I added generic broadcasting support to numpy: numpysane: a more reasonable numpy

Up to this point, a major part of PDL::Graphics::Gnuplot that was not supported in gnuplotlib was proper broadcasting ("threading" in PDL-speak) support. What is this? Suppose you have 3 1D vectors: x, y and y2, and you want to plot two curves: y vs x and y2 vs x. In gnuplotlib you can do

gp.plot( (x,y), (x,y2) )

But then you're repeating the x. It would be nicer to consolidate that.
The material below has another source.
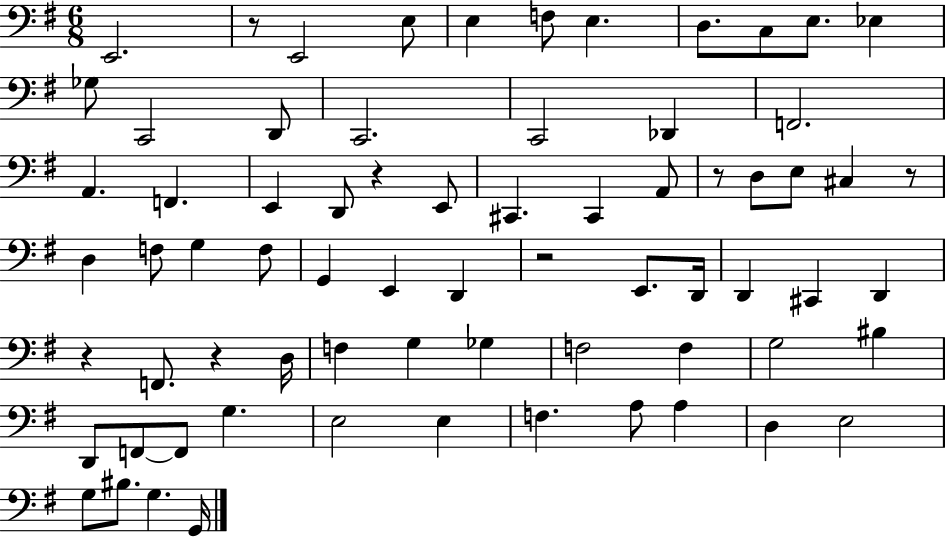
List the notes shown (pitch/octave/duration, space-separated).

You can join y and y2 into a 2D numpy array:

gp.plot( x, np.vstack(y,y2) )

Interpreting the arguments in this way is what broadcasting is, and I just added support for this into gnuplotlib.
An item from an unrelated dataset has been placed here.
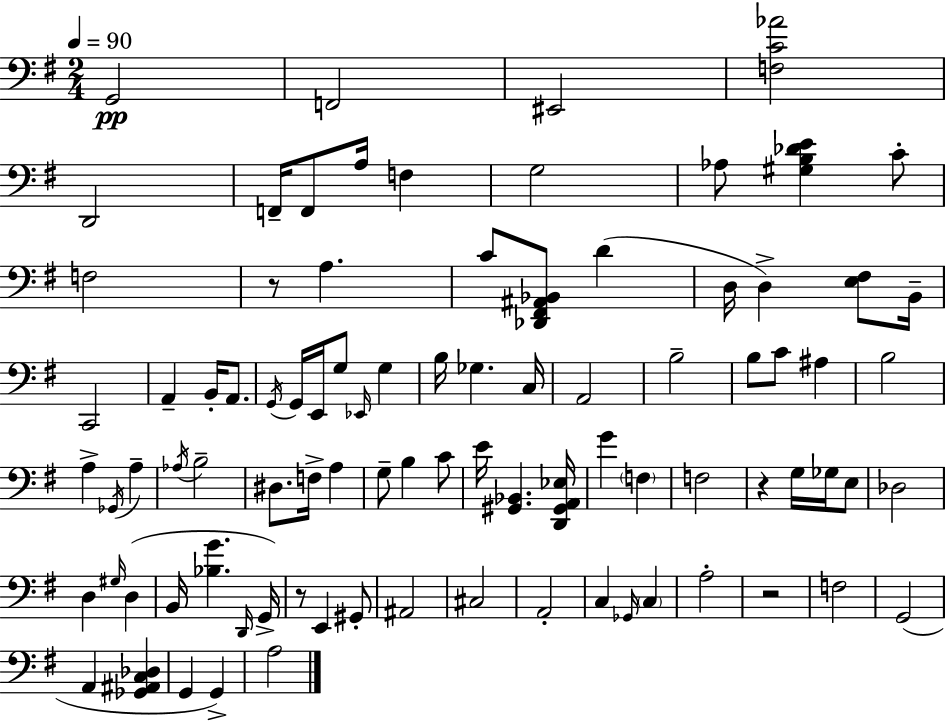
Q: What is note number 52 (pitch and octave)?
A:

It would appear that this is something that PDL does much better than numpy, in general. While in PDL threading is a fundamental concept that's supported widely across the whole system, in numpy broadcasting only really exists for fundamental operations (addition, multiplication, etc). Thus numpy lacks an equivalent of thread_define, and I had to implement it myself. Note the implementation isn't pretty, but it's just complicated by nature.

Something numpy does better than PDL is the wider range of types that can live in their arrays. I can thus put strings into arrays, and use broadcasting to plot stuff with different labels and styles. This clearly requires an example. Let's plot the Conchoids of de Sluze:

import numpy as np
import gnuplotlib as gp

theta = np.linspace(0, 2*np.pi, 1000)  # dim=(  1000,)
a     = np.arange(-4,3)[:, np.newaxis] # dim=(7,1)

gp.plot( theta,
1./np.cos(theta) + a*np.cos(theta), # broadcasted. dim=(7,1000)

_with  = 'lines',
set    = 'polar',
square = True,
yrange = [-5,5],
legend = a.ravel() )

This is a plot in polar coordinates. I use broadcasting to generate a numpy array that has all the r values for all my curves in it. This array was generated by a single command. And I plot it against the one array of theta values, again in a single command. I also use broadcasting to generate labels. Generally these would be strings, and I can do that with numpy, but here just printing the numerical value of the a parameter is sufficient. The result:

Another example:

import numpy as np
import gnuplotlib as gp

x,y = np.mgrid[-10:11, -10:11]
z   = np.sqrt(x*x + y*y)
x  = x[:, 2:12]
z  = z[:, 2:12]

gp.plot((np.rollaxis( np.dstack((x,z)), 2,0),
{'tuplesize': 3,
'with': np.array(('points palette pt 7','points ps variable pt 6'))}),

square = 1)

Here the dimensions of x and z end up as (21,10). We stack them together into an array of dimensions (2,21,10). Furthermore, the with key option is also an array, but with dimension (2,) and two strings in it, indicating how each broadcast slice should be plotted. We thus plot x as a matrix with a varying color and z as a matrix with a varying point size. The result:

Works OK, and this will be very useful.